We transformed the airport into the destination itself, providing thought-provoking collective moments of magic that reshape how passengers connect with the city and surrounding region. The multimedia content is integrated into two large-scale features. As a result, an expected 60 million annual travellers passing through Terminal C will be able to discover over 70 video capsules that are curated and scheduled based on the passenger journey, in consideration of dwelling time, time of day and season.
Goals
As Orlando’s primary gateway and the world’s sixth busiest airport, we wanted to improve the overall aesthetic quality of the new Terminal C while also providing it with a strong identity to accommodate its anticipated 60 million annual travelers. Staying true to the region’s cultural and historical legacy of wildlife, diverse landscapes, aerospace travel, local art, theme parks and more, we set out to tell a story about the knowns and unknowns of greater Central Florida.
Using multimedia magic, we created a new passenger experience that restores the joy and wonder of air travel, bringing peace and tranquility to a typically stressful environment while seamlessly blending into the architecture itself.
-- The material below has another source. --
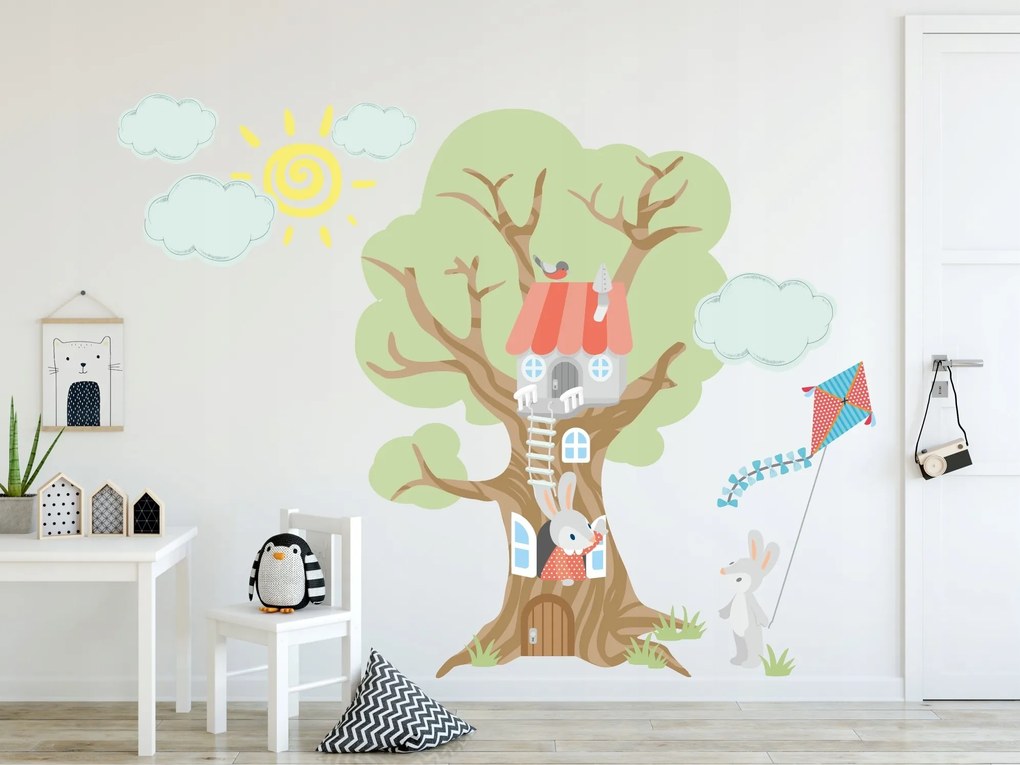Moderná detská nálepka stenu zajačia rodinka zo stromu 100 x 200 cm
In doing so, the project reimagines how public space can be interacted with and how passersby can also interact with each other through shared experiences.
Process
In addition to Gentilhomm’s in-house designers, cinematographers, creative coders and technologists, we worked with a number of design and architecture firms as well as creative partners and organizations to build a design system and source content, respectively.
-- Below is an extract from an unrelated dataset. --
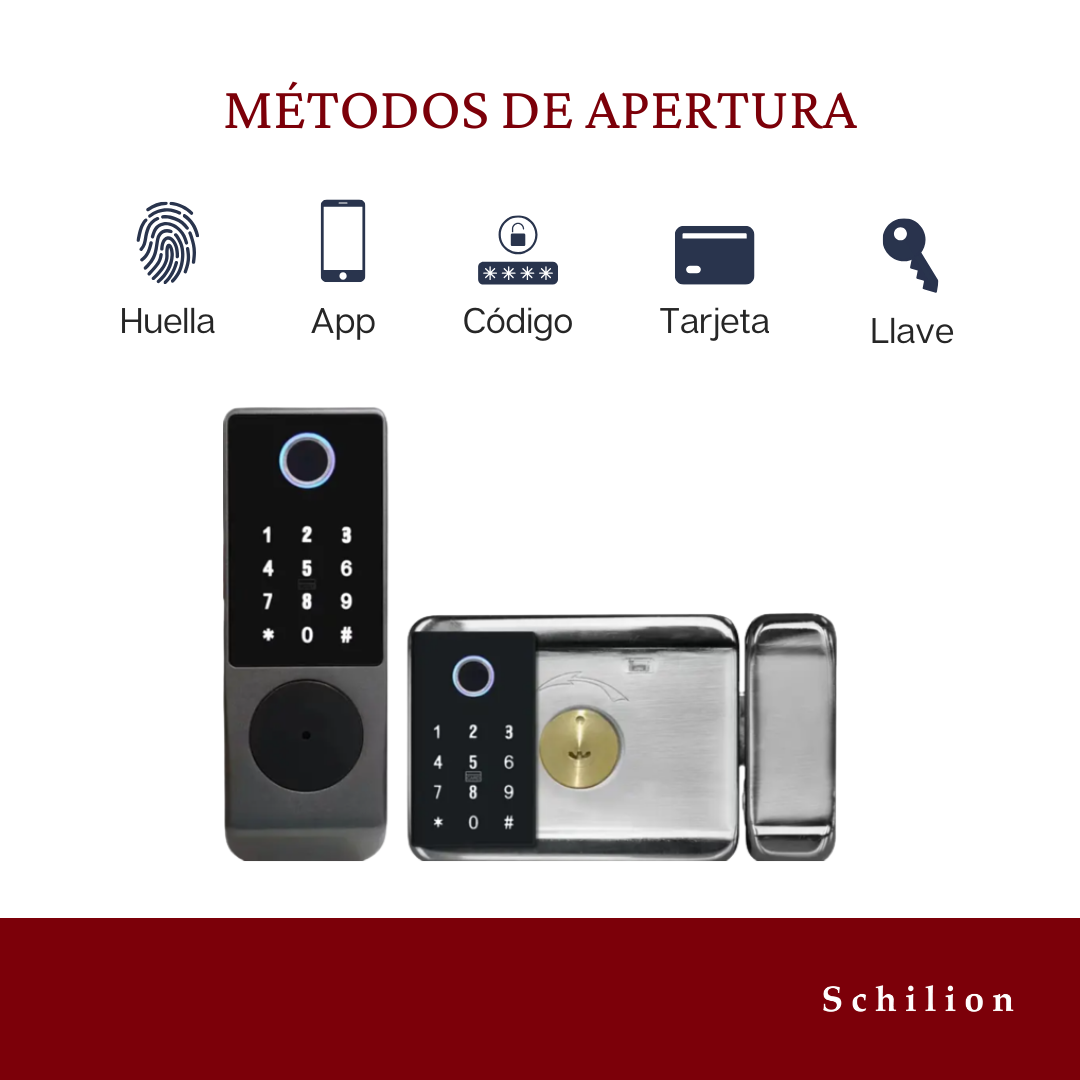 Cerradura para cocheras y rejas con huella digital y código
Our system’s design was produced in collaboration with Sardi Design, Burns Engineering, and many more. Original and exclusive video content was sourced directly from Nasa, Space-X, and Disney to showcase the region’s history of space travel and wildlife in resolution large enough to cast on screens over a hundred feet wide.
After extensively researching the region’s greatest landmarks, Gentilhomme filmed in a number of historically-significant locations, teaming up with esteemed wildlife cinematographer Tom Fitz for underwater filming of manatees in Orlando’s Crystal River. The work of The Highwaymen, a group of Black painters who never received the recognition they deserved, was sourced and formatted for the architectural showpiece, using generative imagery to create motion within the work.
Using Epic Games’ Unreal Engine, interactivity technology was central to this work, putting the user in fantasy worlds such as martian landscapes and schools of fish which can not only be viewed, but participated with.